ThyssenKrupp Steel Modernizes Hot Metal Base in Duisburg
04/01/2006 -
April 2006 — ThyssenKrupp Steel AG is modernizing its hot metal base in Duisburg-Hamborn.
The hot metal upgrade project features the construction of a new blast furnace on the site where Blast Furnace No. 8 closed down in 1991. In addition, the nearby Blast Furnace No. 9 – built in 1987 – is to be relined. Finally, Blast Furnace No. 4 – built in 1963 and also located at the Duisburg-Hamborn site – will be shut down and kept only as a back-up unit.
The blast furnace upgrade is to be implemented by 2008 at a total cost of 340 million euros. It will not only stabilize the hot metal base in Duisburg for the production and processing of steel at the company’s German plants, it will also improve productivity and optimize logistics.
The Düsseldorf district authority granted approval last summer for the construction of the new Blast Furnace No. 8 – a project which will cost around 200 million euros. Since then, work has been underway on clearing and preparing the site, which is located amid the existing infrastructure on the ThyssenKrupp Steel plant premises. The remnants and ancillary buildings of the old Blast Furnace No. 8 are being removed, with the construction materials being recycled for subsequent backfilling on the site and the scrap from the old furnace already fed to the converter.

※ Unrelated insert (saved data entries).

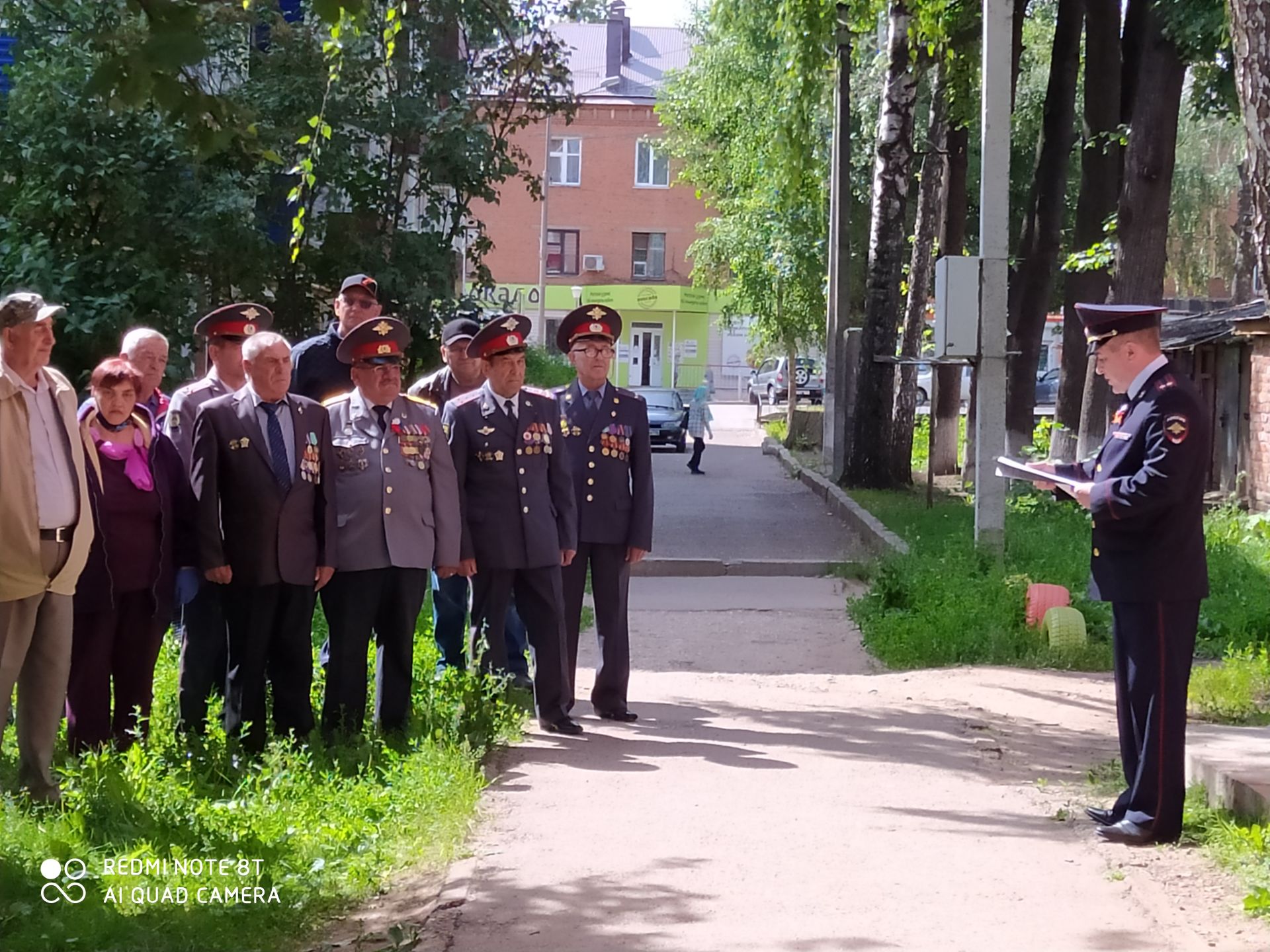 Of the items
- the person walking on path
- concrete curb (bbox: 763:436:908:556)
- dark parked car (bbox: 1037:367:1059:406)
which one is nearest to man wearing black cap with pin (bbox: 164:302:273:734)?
concrete curb (bbox: 763:436:908:556)

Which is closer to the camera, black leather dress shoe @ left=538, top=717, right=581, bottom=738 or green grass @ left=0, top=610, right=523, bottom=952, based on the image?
green grass @ left=0, top=610, right=523, bottom=952

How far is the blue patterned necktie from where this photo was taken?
24.3ft

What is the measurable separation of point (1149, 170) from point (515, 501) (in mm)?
12571

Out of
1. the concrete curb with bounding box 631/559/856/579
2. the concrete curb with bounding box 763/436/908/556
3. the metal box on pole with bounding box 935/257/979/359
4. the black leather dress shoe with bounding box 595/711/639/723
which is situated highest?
the metal box on pole with bounding box 935/257/979/359

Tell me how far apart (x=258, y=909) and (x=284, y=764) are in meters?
1.69

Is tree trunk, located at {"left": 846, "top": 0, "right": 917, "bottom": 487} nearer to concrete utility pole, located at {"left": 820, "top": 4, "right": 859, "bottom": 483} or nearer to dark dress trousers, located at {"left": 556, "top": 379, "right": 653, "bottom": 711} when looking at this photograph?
concrete utility pole, located at {"left": 820, "top": 4, "right": 859, "bottom": 483}

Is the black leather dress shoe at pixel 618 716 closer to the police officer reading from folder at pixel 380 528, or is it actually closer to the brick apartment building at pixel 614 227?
the police officer reading from folder at pixel 380 528

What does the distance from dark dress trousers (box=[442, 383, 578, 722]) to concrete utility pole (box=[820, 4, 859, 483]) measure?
56.6ft

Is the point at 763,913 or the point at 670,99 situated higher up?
the point at 670,99

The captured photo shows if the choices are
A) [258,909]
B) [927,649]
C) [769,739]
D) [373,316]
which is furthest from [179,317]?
[258,909]

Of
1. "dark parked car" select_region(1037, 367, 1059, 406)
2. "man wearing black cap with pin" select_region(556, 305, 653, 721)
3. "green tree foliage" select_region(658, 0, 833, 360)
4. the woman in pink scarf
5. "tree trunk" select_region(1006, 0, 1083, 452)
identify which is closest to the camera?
the woman in pink scarf

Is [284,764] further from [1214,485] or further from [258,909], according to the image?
[1214,485]

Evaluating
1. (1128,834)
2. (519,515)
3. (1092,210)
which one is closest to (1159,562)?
(1128,834)

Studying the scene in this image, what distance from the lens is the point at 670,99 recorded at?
44.4 meters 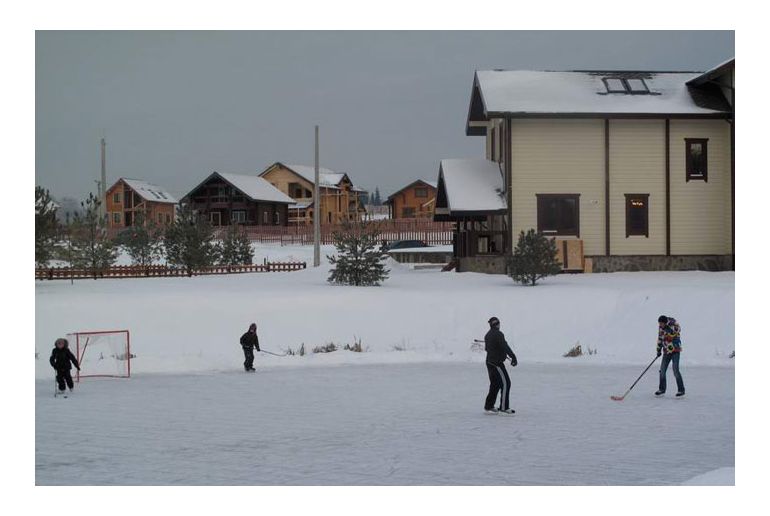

In addition, media supply to the entire site is currently being restructured, with a complex system of pipelines to be laid and enclosed. Only when it is completed can the old pipelines, some of which supply the entire iron and steelmaking plant, be gradually taken out of service. Also currently under construction is a new, roughly 200 meter long stockhouse which will serve both the new Blast Furnace No. 8 and its twin, the existing Blast Furnace No. 9. Completion is expected in late summer 2007.
The orders for the core units, i.e. supply, installation and start-up of the blast furnace, casthouse, inclined elevator and cooling system, were placed with Luxembourg-based Paul Wurth at the end of February. Some of the units will be prefabricated before transportation and only assembled on site, others will actually be constructed there, depending on the size of the individual parts: if they are too big, they will be difficult to transport across the plant premises. ThyssenKrupp Steel is putting other items of blast furnace equipment out to separate tender, including the top gas scrubbers and the new, state-of-the-art central control station for blast furnaces 8 and 9.
The new complex will feature highly advanced pollution control equipment which will reduce noise levels in the surrounding neighborhood to a minimum and further reduce dust and fine dust emissions. The equipment is so effective that some emissions will be well below the statutory limits. Both Blast Furnace No. 8 and Blast Furnace No. 9 will be equipped with new dedusting systems for the hopper car discharging stations at a cost of over 20 million euros. In addition, the cooling system for Blast Furnace No. 8 will be fitted with a low-noise, slow-rotating ventilator. The cooling tower for slag granulation on Blast Furnace No. 9 will also be moved further to the center of the plant site, virtually eliminating the possibility of noise pollution for local residents.
As a further contribution to sustainable development, the equipment will be given an attractive color scheme using a concept developed by color designer Friedrich Ernst von Garnier which will set it apart from the older plant units.
Start-up of the new blast furnace is planned for December 2007 at the earliest, with ramp-up to full capacity planned for the first quarter of 2008.